(Data provided)

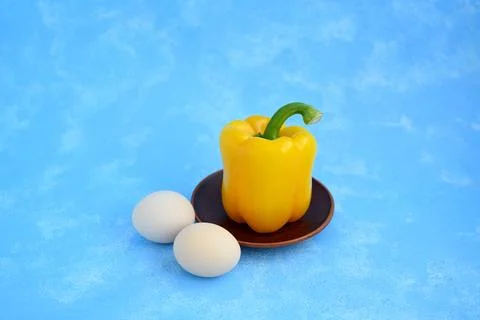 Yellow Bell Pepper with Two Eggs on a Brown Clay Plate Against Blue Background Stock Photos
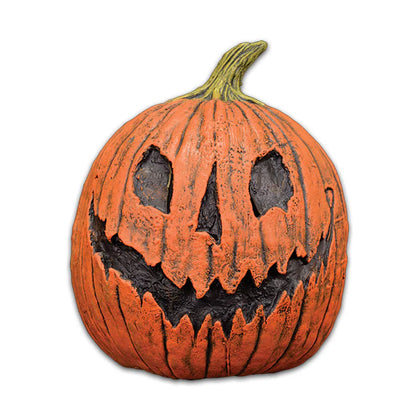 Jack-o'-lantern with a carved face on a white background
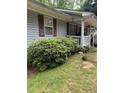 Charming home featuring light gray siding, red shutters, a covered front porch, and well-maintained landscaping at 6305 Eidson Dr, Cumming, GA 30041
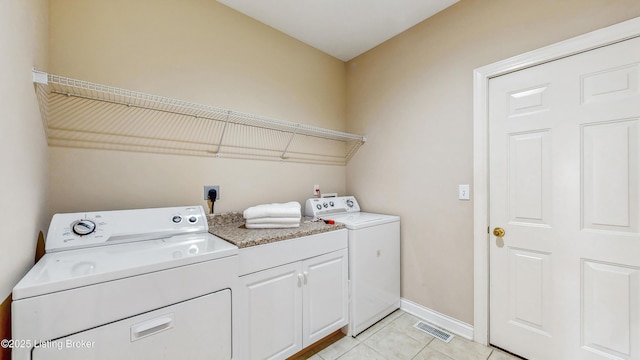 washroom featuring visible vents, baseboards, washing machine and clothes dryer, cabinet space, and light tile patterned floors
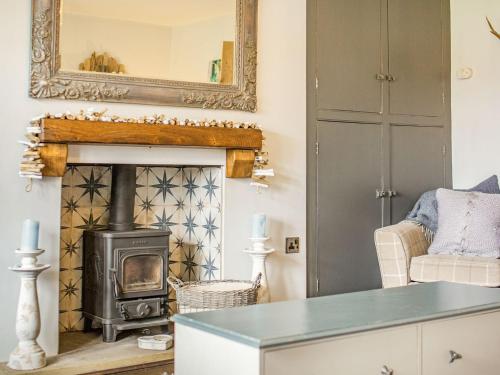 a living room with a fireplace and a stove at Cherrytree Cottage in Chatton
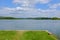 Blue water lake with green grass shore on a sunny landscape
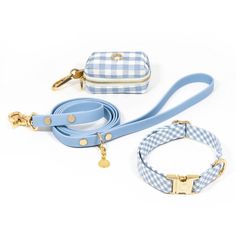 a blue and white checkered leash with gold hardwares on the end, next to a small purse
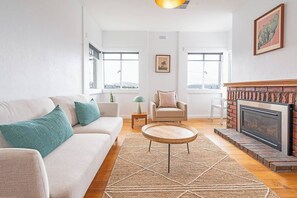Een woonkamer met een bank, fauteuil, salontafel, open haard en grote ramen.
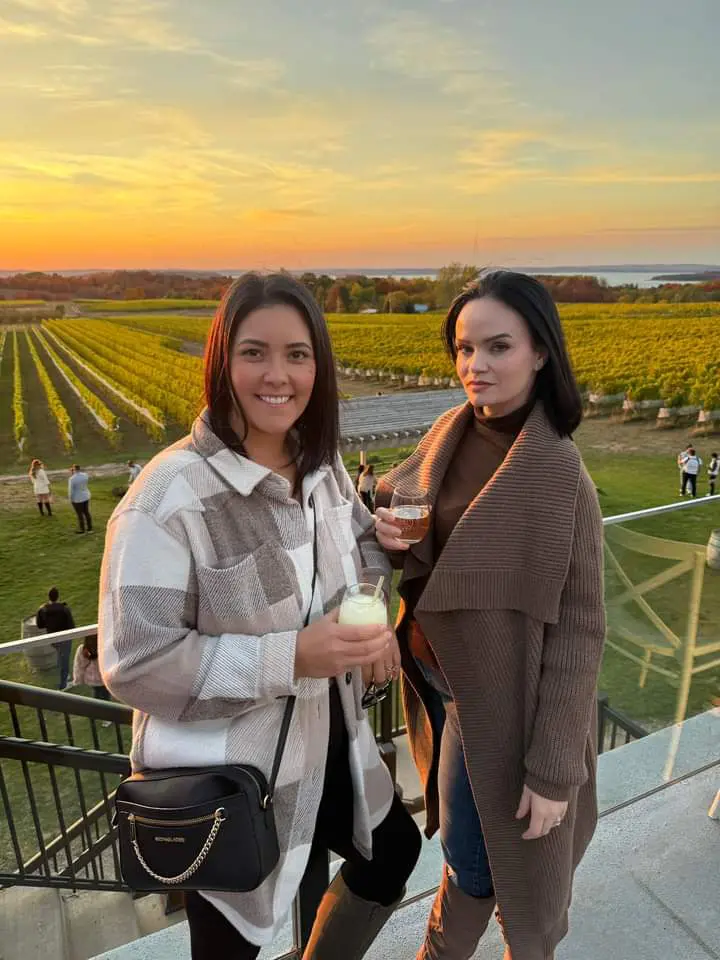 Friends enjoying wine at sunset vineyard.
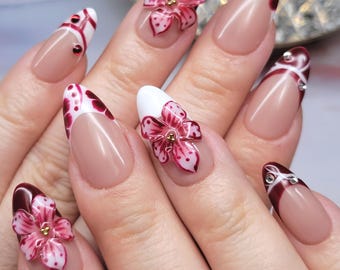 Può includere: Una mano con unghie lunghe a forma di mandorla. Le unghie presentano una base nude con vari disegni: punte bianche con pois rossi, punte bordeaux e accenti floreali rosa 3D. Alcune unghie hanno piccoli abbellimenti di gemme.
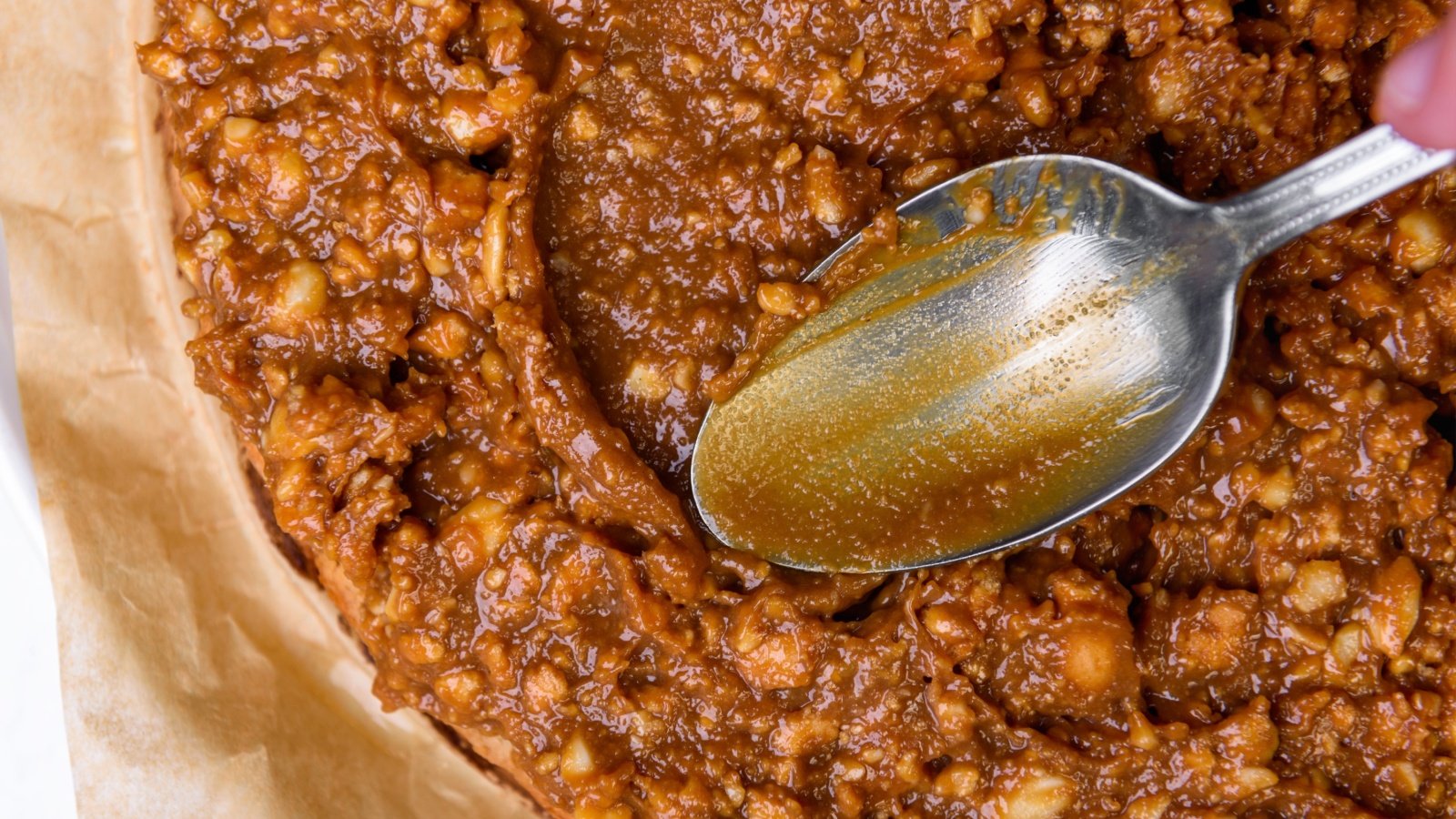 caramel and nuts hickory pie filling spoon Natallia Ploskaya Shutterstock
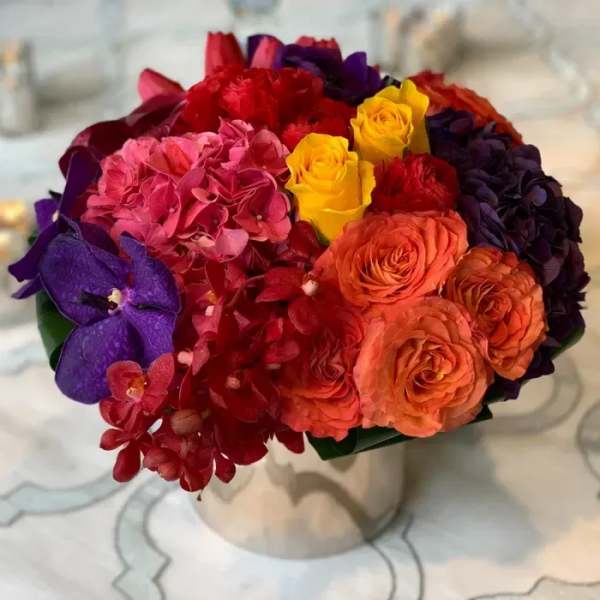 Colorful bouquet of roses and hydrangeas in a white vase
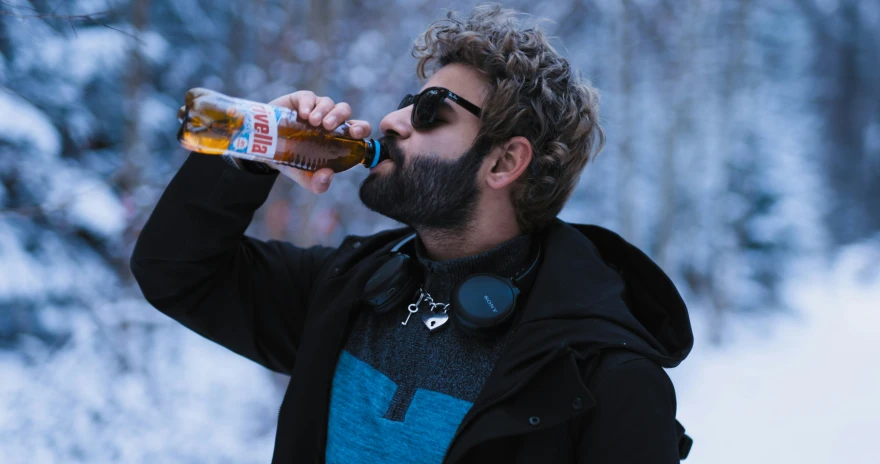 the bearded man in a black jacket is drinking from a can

(End Data provided)

**Aim of the exercise:**
Drop the pictures; return the lines above from the line containing "washroom featuring visible" to the line containing "Blue water lake", both included, exactly.

**Answer to this task:**
 washroom featuring visible vents, baseboards, washing machine and clothes dryer, cabinet space, and light tile patterned floors
 a living room with a fireplace and a stove at Cherrytree Cottage in Chatton
 Blue water lake with green grass shore on a sunny landscape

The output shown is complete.